The same day I went to the New Museum to check out The Last Newspaper, an exhibit on the historical and contemporary meaning of that beloved anacronism. Mostly because I heard from Jace Clayton that each week a different section of a traditional newspaper will be created in house—he's doing the music section. On the train home I finished re-reading Free Culture (anticipating the dip into diss writing pool) and just had a deeply cynical laugh about the idea of the RIAA sueing fans throughout the 2000s for trading music, taking the life savings of teenagers, while bankers stole hundreds of billions of dollars, and not one has been seriously punished. Mostly just thought about the scale of the finance industry against such terribly tangible industries as newsprint, about the death of making "things" and the era of making "ideas" or, in the case of the finance industry, "dreams" (as the film says) or "speculation" or "risk" or...lies. And how, as we move away from things to ideas/dreams/risk, fewer and fewer people participate in the work, and fewer profit.

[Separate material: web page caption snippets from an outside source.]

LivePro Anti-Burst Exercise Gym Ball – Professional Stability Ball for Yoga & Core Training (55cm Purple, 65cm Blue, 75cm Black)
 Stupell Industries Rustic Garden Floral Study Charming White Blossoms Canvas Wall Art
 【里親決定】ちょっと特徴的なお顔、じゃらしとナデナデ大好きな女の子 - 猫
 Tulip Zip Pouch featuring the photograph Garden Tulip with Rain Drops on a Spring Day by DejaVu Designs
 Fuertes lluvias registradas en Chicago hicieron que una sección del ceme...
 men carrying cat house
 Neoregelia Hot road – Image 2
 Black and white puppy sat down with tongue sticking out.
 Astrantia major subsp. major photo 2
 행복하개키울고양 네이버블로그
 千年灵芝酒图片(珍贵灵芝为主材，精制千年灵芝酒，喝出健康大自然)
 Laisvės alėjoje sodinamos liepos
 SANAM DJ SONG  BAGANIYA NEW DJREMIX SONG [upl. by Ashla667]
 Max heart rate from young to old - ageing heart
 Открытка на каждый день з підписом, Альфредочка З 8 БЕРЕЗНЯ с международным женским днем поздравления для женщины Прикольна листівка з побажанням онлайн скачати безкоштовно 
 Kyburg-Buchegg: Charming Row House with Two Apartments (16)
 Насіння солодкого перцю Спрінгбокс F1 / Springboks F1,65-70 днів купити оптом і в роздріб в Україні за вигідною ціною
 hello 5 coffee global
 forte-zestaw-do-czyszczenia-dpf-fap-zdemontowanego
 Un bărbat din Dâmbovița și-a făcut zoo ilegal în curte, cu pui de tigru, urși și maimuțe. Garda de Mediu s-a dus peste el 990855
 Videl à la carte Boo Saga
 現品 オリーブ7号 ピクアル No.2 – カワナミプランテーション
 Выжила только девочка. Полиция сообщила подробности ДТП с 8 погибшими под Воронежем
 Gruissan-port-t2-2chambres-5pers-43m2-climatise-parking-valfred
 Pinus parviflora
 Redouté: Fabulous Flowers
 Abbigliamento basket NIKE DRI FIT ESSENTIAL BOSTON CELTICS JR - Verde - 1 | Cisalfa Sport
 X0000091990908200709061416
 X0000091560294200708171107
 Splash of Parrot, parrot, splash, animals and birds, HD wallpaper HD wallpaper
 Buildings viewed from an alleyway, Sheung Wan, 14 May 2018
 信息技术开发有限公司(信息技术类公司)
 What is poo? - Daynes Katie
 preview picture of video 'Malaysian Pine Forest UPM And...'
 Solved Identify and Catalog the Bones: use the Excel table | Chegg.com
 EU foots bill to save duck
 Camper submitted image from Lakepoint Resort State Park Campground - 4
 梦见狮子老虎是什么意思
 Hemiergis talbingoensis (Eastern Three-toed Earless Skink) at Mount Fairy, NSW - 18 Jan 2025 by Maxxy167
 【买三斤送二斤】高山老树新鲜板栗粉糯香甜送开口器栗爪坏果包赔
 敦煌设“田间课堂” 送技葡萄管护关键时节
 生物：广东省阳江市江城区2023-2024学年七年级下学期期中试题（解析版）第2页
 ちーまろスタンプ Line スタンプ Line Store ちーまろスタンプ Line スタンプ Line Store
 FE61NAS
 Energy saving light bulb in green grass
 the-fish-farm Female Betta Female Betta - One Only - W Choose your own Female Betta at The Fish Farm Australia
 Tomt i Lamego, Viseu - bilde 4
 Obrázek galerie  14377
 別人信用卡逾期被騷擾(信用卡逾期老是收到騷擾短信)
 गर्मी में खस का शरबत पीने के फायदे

One of the conceits of the Last Newspaper exhibit (which is, by no coincidence, above the exhibit called "Free," a hectic jumble of new media, sculpture, and painting on the subject of participatory digital media networks) was that readers are more critical and unconvinced by the authority of mainstream media. And today I just started rereading Convergence Culture, which has a rather fascinating chapter about Survivor "spoiler" fandom and how online communities designate authority. What I came away thinking about the last few days is the shifting credentials for authority, the end of the paper as the place of authority, and the shifting places audiences go to find authority. Charles Ferguson started his own production company because no one was making films about the subjects he cared about, but he's a multi-millionare. The Last Newspaper makes news about China's censorship practices and posts it up on walls in public around New York City, as is the practice in China itself. As an art project, a fleeting engagement. How do we, as citizens, synthesize all these disperate voices, evaluate the credentials, find points of dialog. How do learn how to ask questions that make our dean's squirm, and learn how to be impolite enough to expect them to answer, to really answer, for the mess they made? That was the job of the journalist. Maybe not anymore.